12. EQUIPMENT. (a) Any equipment including jigs, dies, and tools, (which Aversion Technologies acquires for use exclusively in the production of goods for Customer) will be and remain Aversion Technologies’ possession and control; and any changes by Aversion Technologies are permissible. (b) Any material or equipment owned or furnished by Customer to Aversion Technologies will be carefully handled and stored by Aversion Technologies while in Aversion Technologies’ possession. When for eighteen (18) consecutive months no orders acceptable to Aversion Technologies are received from Customer for goods to be make from any such equipment or materials, Aversion Technologies may, be written notice to Customer, request Customer to make disposition thereof at Customer’s expense. If Customer fails to comply with such notice, at Aversion Technologies may make such use or disposition of said material or equipment as it desires, without liability or obligation to Customer.
13. CANCELLATION. Upon receipt of written notice from Customer, Aversion Technologies shall cancel any orders as instructed, subject to Aversion Technologies‘ (or its subcontractors) right to continue processing raw or finished material to the point at which processing can be halted with the least disruption and cost to Aversion Technologies. Customer shall be responsible for all costs associated with the cancellation and completion of processing of material.

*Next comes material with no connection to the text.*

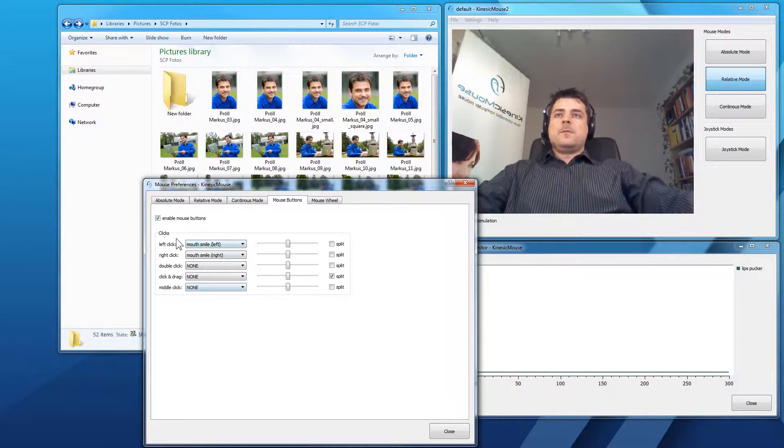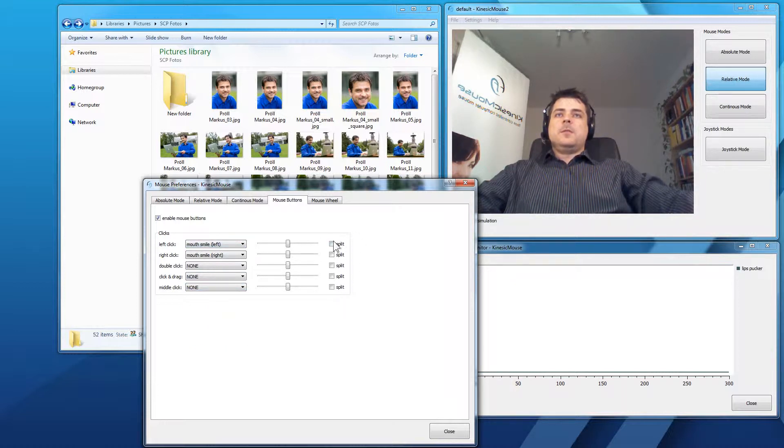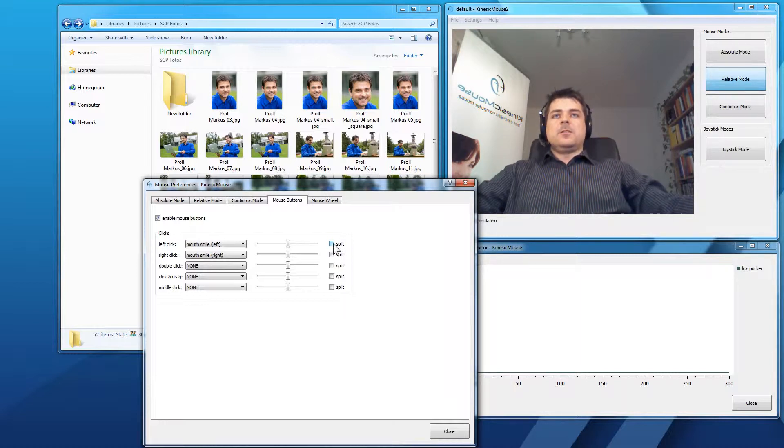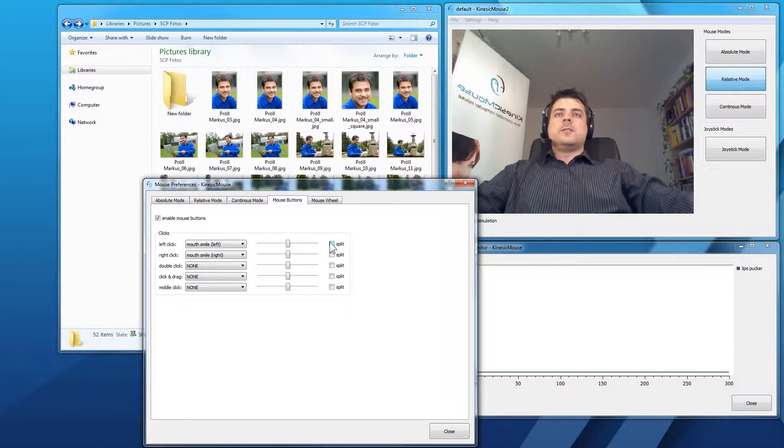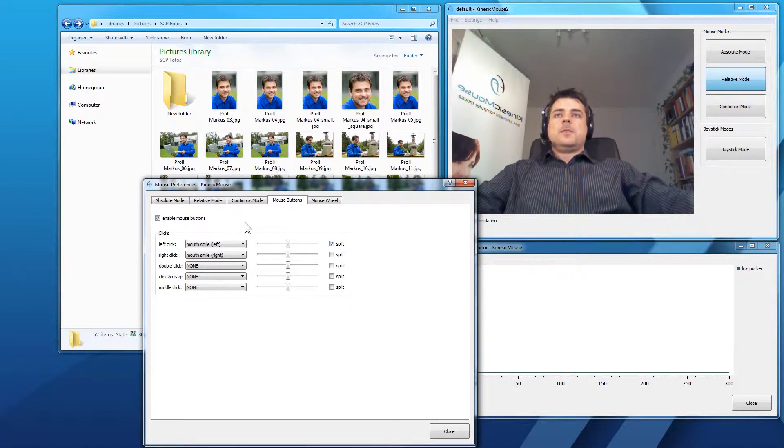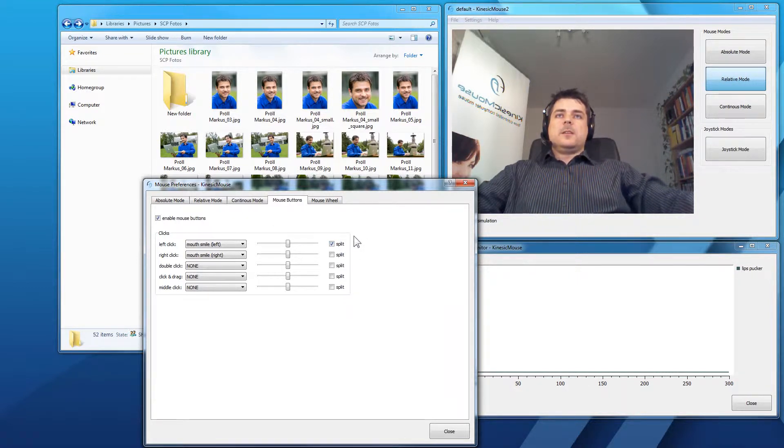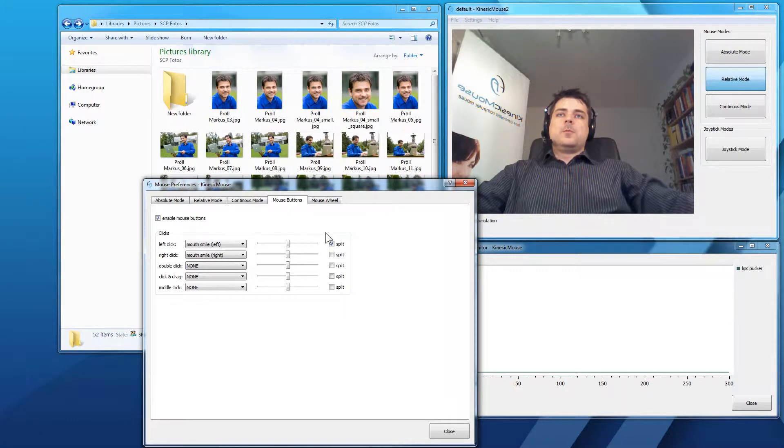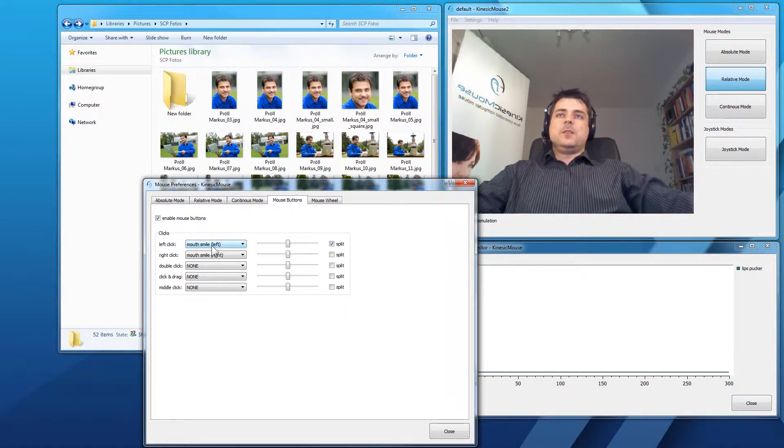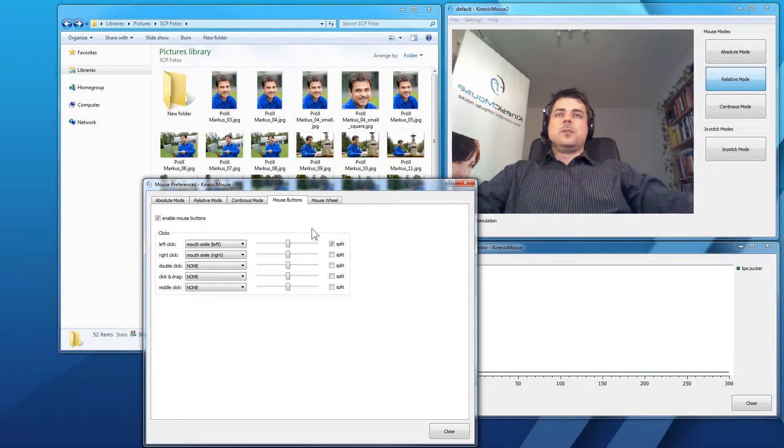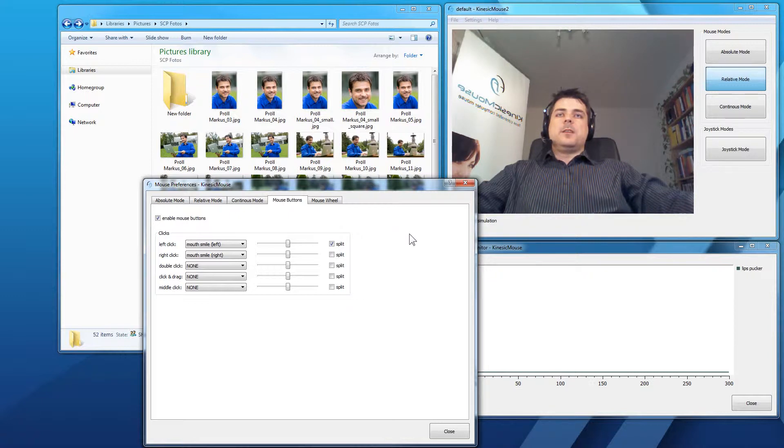We use our left click at the bottom here. And we will also, to perform a click and drag, we also have to set the split function. So, to do a left click, you can now perform the expression. For me, it's mouth smile left. And you can hold this expression and also the mouse button will be held down for clicking and dragging.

14. ACCEPTANCE. These Terms and Conditions shall be deemed binding on Customer by its purchase of products from Aversion Technologies. These Terms and Conditions may only be modified if in writing and signed by an authorized officer of Aversion Technologies; each of these terms and conditions shall remain in effect unless the provision(s) are explicitly contradicted by the aforesaid writing. If Customer submits a form with contrary terms or conditions, such order shall be considered as confirmation only and in no way amend, prevail over, supplement, or supersede any provision herein. These TERMS AND CONDITIONS may be superseded or revised by Aversion Technologies at any time.
15. GENERAL. Aversion Technologies may assign its rights and obligations under these Terms and Conditions. If Customer changes its corporate status, both Customer and its successors continue to be bound by these Terms and Conditions of Sale, but Aversion Technologies reserves its rights under paragraph 11. No prior representation, affirmation, or agreement shall be enforceable unless set forth herein.
16. DISPUTE RESOLUTION/GOVERNING LAW. Any and all disputes between Aversion Technologies and Customer shall be determined subject to the laws of the State of Maryland, and its state or federal courts shall have exclusive jurisdiction. The parties hereby agree to the personal jurisdiction of the Maryland courts, and that attorney’s fees and costs shall be awarded to the prevailing party in any litigation. Customer must institute any action against Aversion Technologies within one year after Customer’s claim arises, or such claim shall be barred notwithstanding any statutory limitations to the contrary.